* **YOUR OBJECTIVE**
Every line from the one with "Nike Pink and" to the end of the listing, and nothing else, is to be printed exactly; please leave the pictures out.

==== PROVIDED MATERIAL

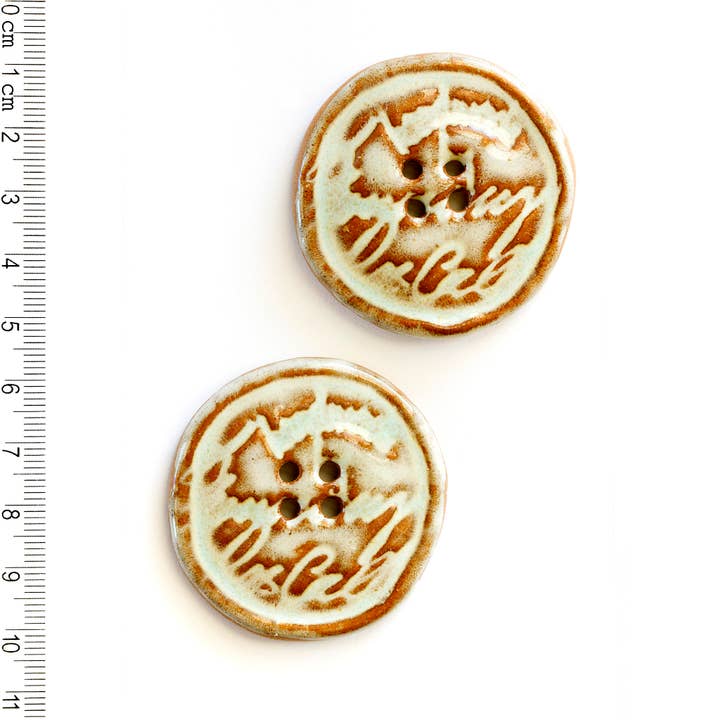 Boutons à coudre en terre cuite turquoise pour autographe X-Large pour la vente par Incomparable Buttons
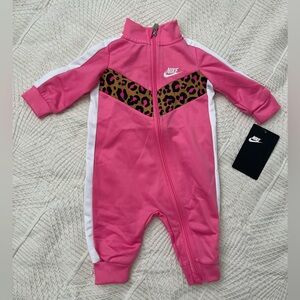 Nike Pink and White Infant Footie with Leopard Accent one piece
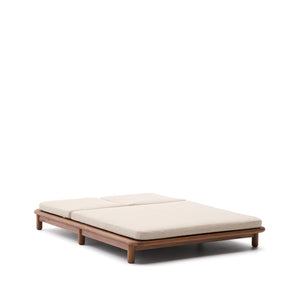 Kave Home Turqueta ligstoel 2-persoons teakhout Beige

========

* **YOUR RESPONSE**
 Nike Pink and White Infant Footie with Leopard Accent one piece
 Kave Home Turqueta ligstoel 2-persoons teakhout Beige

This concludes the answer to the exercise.